Ok, here are two examples on the top of my head, of fairly trivial programs that are a pain to do right in Java.
1) A program that copies all data from standard input to the standard output. Try to write this without Googling. Simple enough, eh?
2) A program that serves as a middleware between servers and clients, both of which are behind NATs so they connect to your middleware, using gRPC methods. Servers use gRPC streams to maintain a connection, send their ID as the first message, receive request messages, and send reply messages. Clients send ID and request in a message, and receive reply message.
I hope you're willing to show me how wrong I am by writing the code :)
1 is really trivial and took me like 5 seconds to write:
public class Test {
public static void main(String[] args) {
System.in.transferTo(System.out);
}
}
2 is anything but trivial in any language, unless it is some kind of a language specifically designed to build gRPC programs.
Never versions of Java are quite pleasant to work with. There are a lots of quality-of-life improvements (switch expression, multi-line string literals, string templates (currently in preview), lots of useful stdlib APIs), as well as quite fundamental additions like Loom.

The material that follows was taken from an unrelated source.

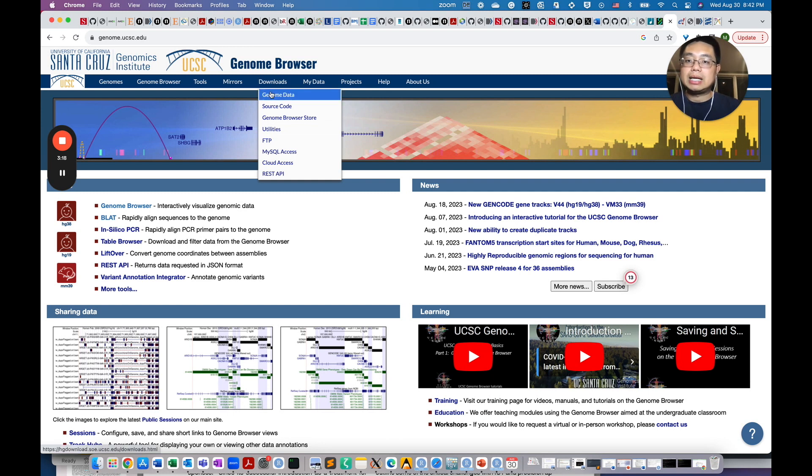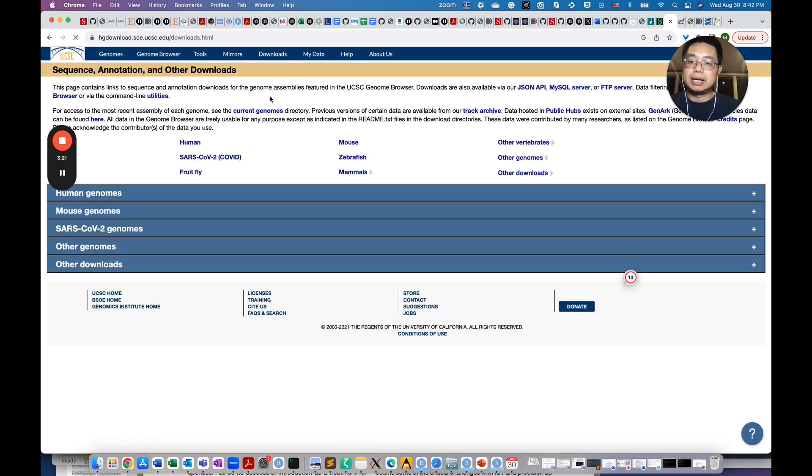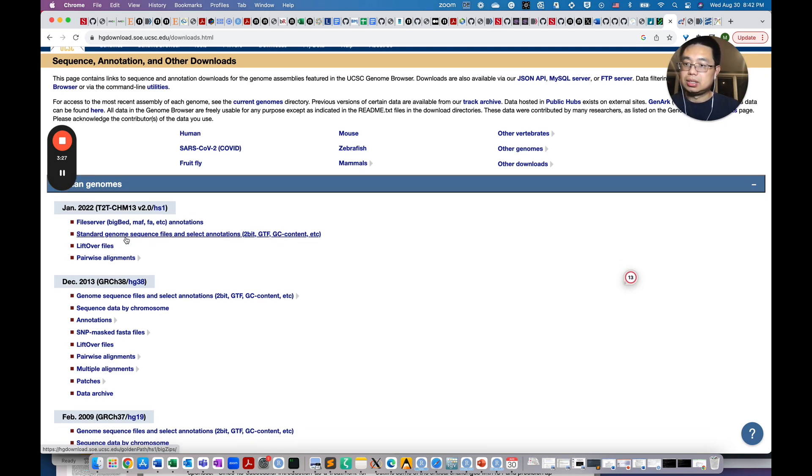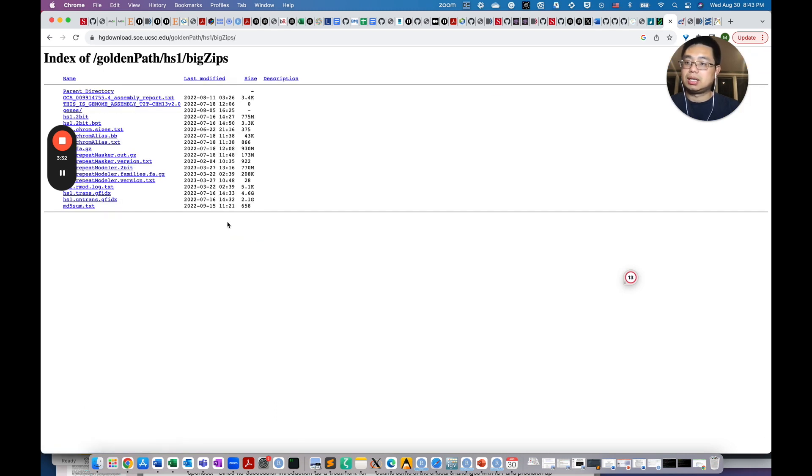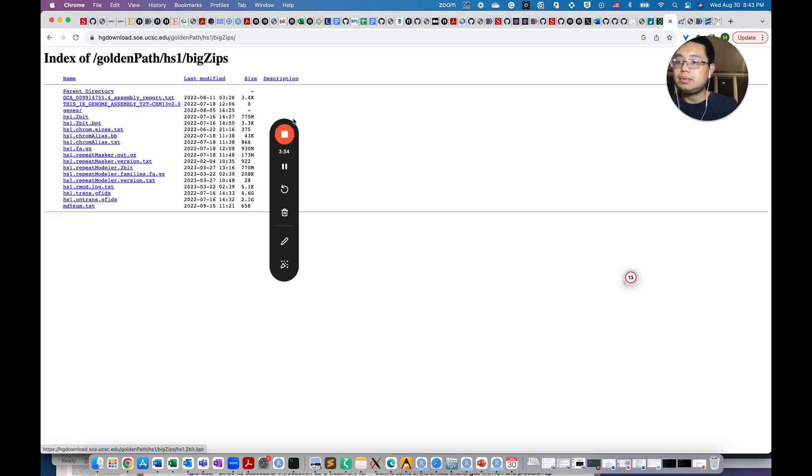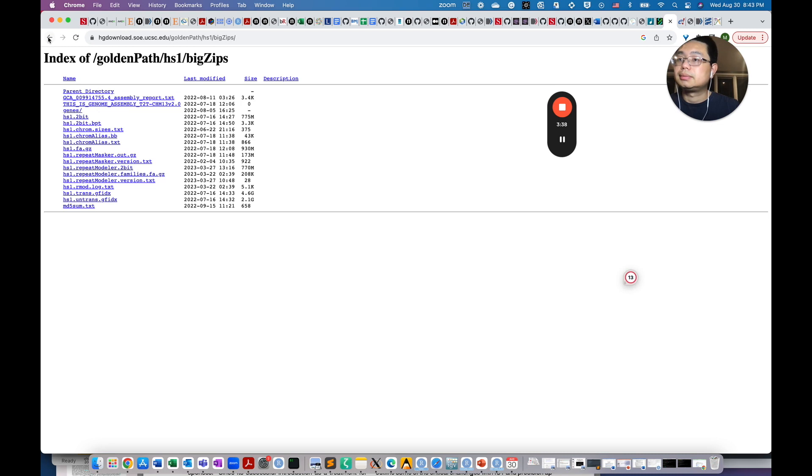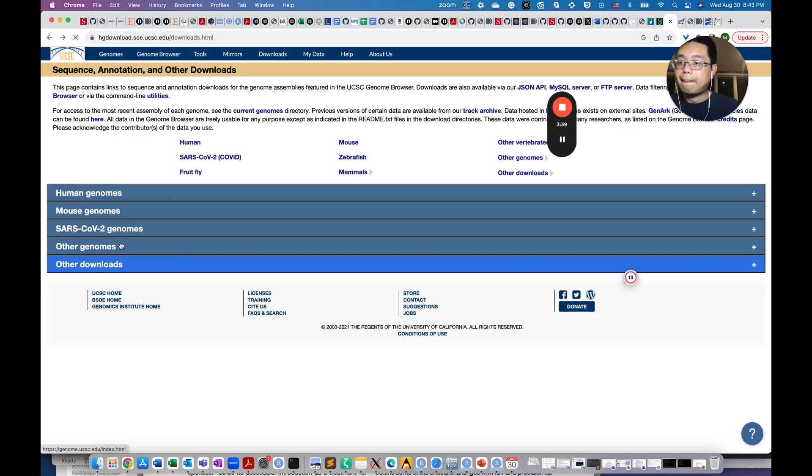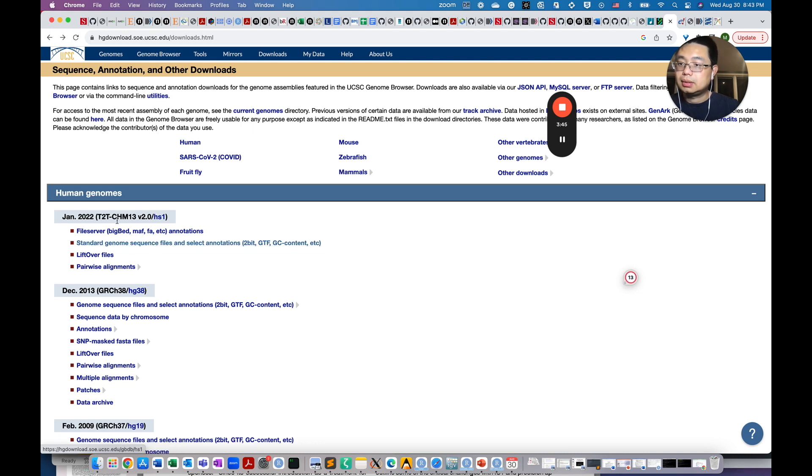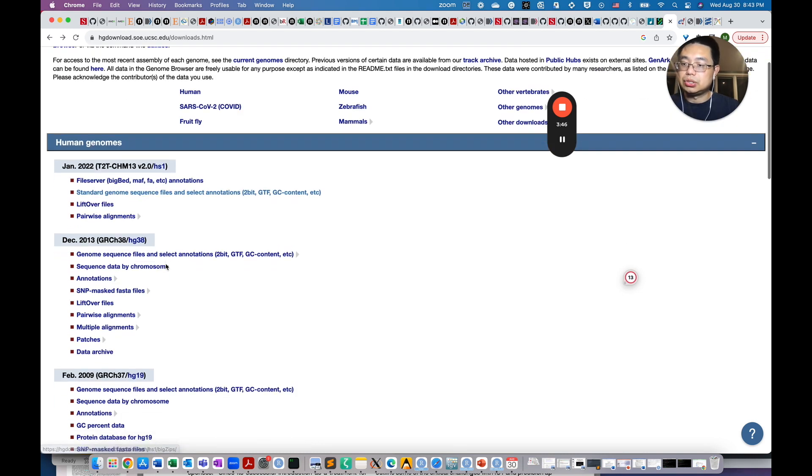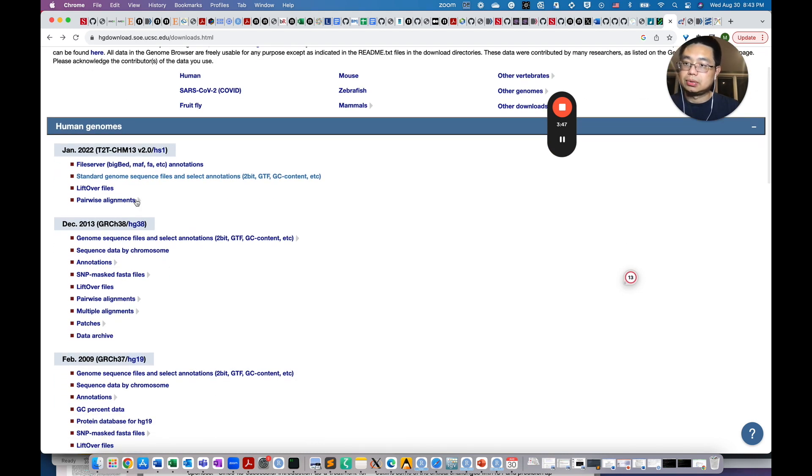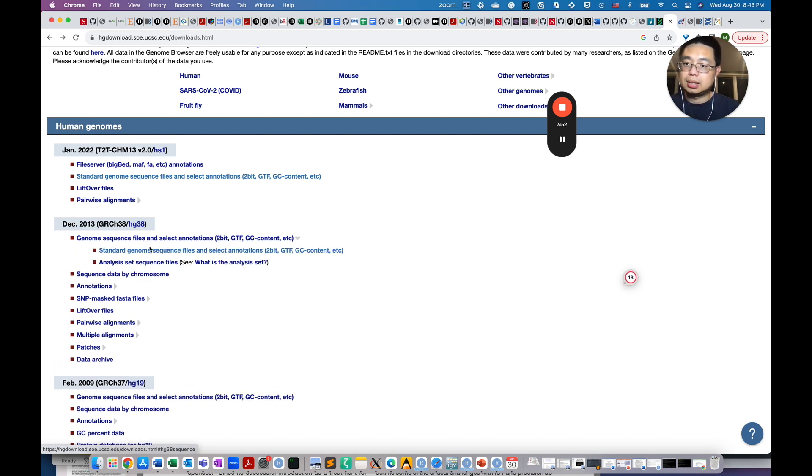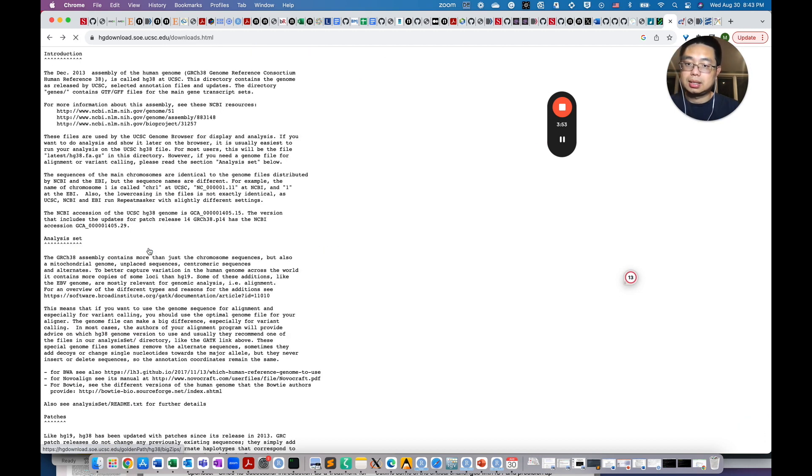To download those data, you come here, Genome Data. If you want, just take human genome as an example. So you can click here and you see the standard genome sequence files and the annotation files for the GTF files here. So if you click here, this is T2T genome. So let's go to the HG38 genome. So click here and click here.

Ok, that's really convenient :) I suppose it would be much harder to do it without the transferTo function, but that would be beyond the point. I'll instead focus on the example 2.
> 2 is anything but trivial in any language, unless it is some kind of a language specifically designed to build gRPC programs.
> I suppose it would be much harder to do it without the transferTo function,
No, it would not:
public class Test {
public static void main(String[] args) throws Exception {
byte[] buf = new byte[4096];
int read;
while ((read = System.in.read(buf)) > 0) {
System.out.write(buf, 0, read);
}
}
}
I imagine it will look pretty much the same in the majority of languages which have similar I/O abstractions.
It is under 120 lines, uses Java SE API only, and the complexity is approximately the same. Go does have advantage of built-in selects and channels, which make parts of the logic nicer, but not by much IMO.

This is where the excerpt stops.